Hi, I'm Gayle Laakmann McDowell, author of Cracking the Coding Interview. Today I want to talk about graphs and common
operations, like breadth-first search and depth first search. So to go back to the
beginning, a graph is basically a collection of nodes where each node
might point to other nodes and these edges can be directed so like one-way
streets or undirected so kind of like two-way streets. Now suppose you want to go walk
through this graph, and specifically suppose you want to do something like,
figure out is there a path from one node to another. There are two common ways of
doing this and we'll talk about both of them. The first one is a little more
simplistic and it's called depth-first search, and it's a typically recursive
algorithm and the way it looks like it's saying, okay we have have this initial
node that I'm gonna call s. Now you basically are asking a question, hey S, do you have a path to node T, and S says, hmm, I'm not sure, let me go ask my
children. And first S goes to node A and it says hey A, do you have a path to node T? If you do then hey I'm done I can give you my answer. If you don't then let me go ask B and
then C and then D. And so, the first person we ask is A, so A gets asked, hey A do you
have a path to T? I'm not sure let me go ask my children.
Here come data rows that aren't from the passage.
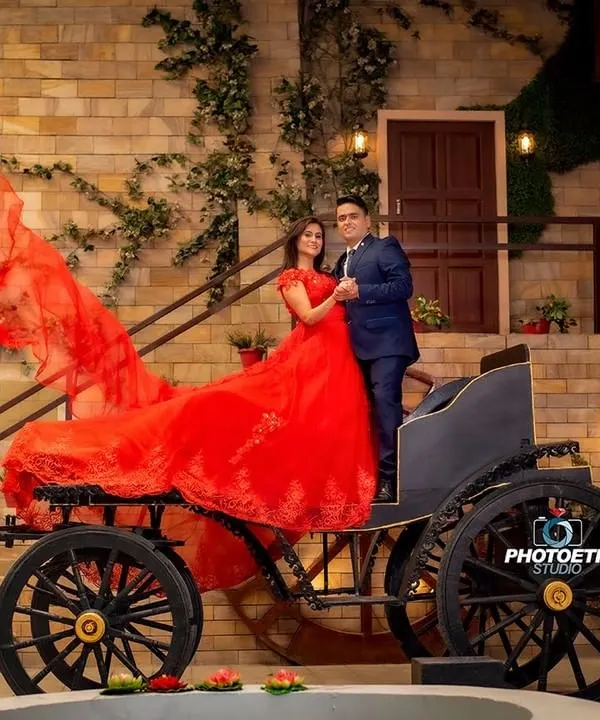 A fairytale moment brought to life with a vintage horse-drawn carriage. The bride's dramatic red gown flows beautifully, creating a stunning, high-fashion pre-wedding photograph.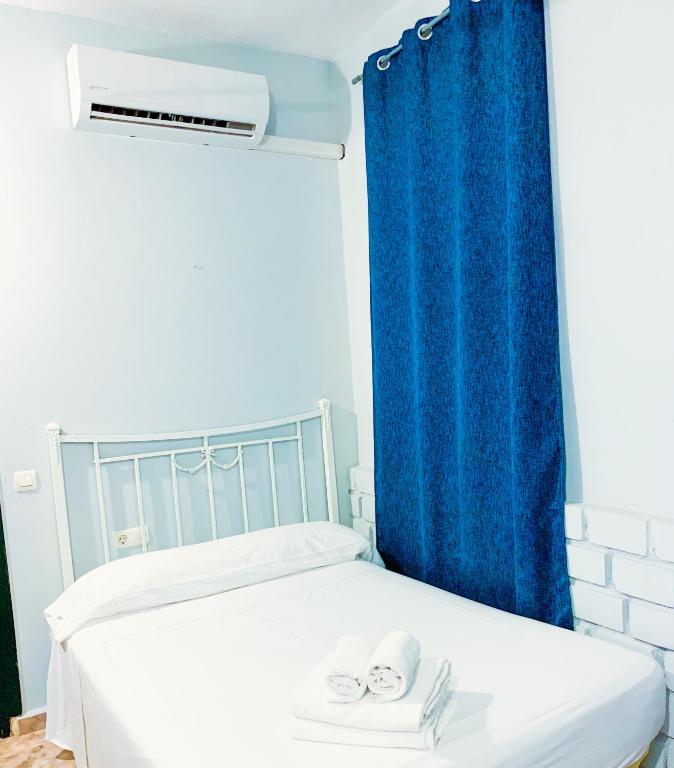 Двухместный (Двухместный номер с 1 кроватью или 2 отдельными кроватями и собственной ванной комнатой) гостевого дома El Castillo, Севилья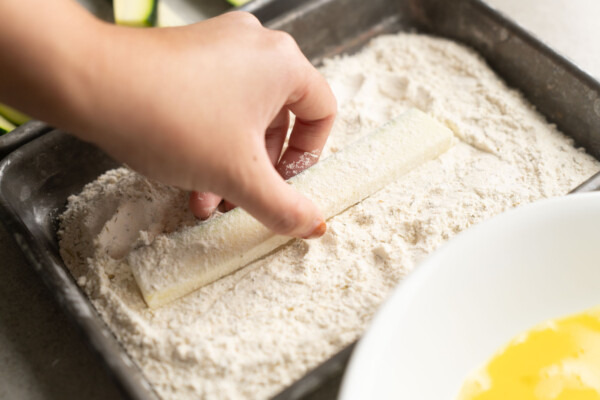 coating zucchini in flour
And eventually we might get
to a node who says why yes of course I have a path, I am T. And so then
we go and say boopboopboop all the way back up. Yes there's a path and that's the basis
of depth-first search. It's called depth-first search because
we go deep into some node before you even ask any of the children. Now the
problem with this is that we might run really really far away. So imagine for example that B actually
has a path directly to node T has edge directly to node T. A might go to all of its children, all
of its children, all of its children, before you even get to B, and he was right
there. There could have been a really fast connection so that's why we might
often prefer to use breadth first search instead. Breadth-first search says hey go a
level by level out. So first we ask S hey do you have a path to T? And S will say
well let me check if any of my nodes are T. No, there's no edge right there. So each of those get in line. And then we
ask the second level out, and then the third level out, and the next level and the next
level and the next level. And so we go level by level, breadth, we go wider before you
go deep. That's why it's called breadth-first
search. So I want to talk at a high-level about the implementation of each before
I dive into some of the details. So depth-first search is implemented with a
recursive algorithm. It's probably the simpler algorithm to implement. The only
little trick is that we have to make sure to use it is visited flag so that
you don't wind up in some sort of infinite loop where there is, you know, a
cycle and you keep asking each node of it has, you start running around
in a circle. With breadth-first search, the main trick need to remember is you
want to use a queue. So when you look, when you look at S, you say hey, do you have a path to T? You're going to go add all of its children to the queue, and rather than going recursively
you pull out the first element from the queue, check if it has a path, check if it is this final element and if not go add all its children to it. So use a
queue so that you go through things in the correct order. So that's the high-level, how it works.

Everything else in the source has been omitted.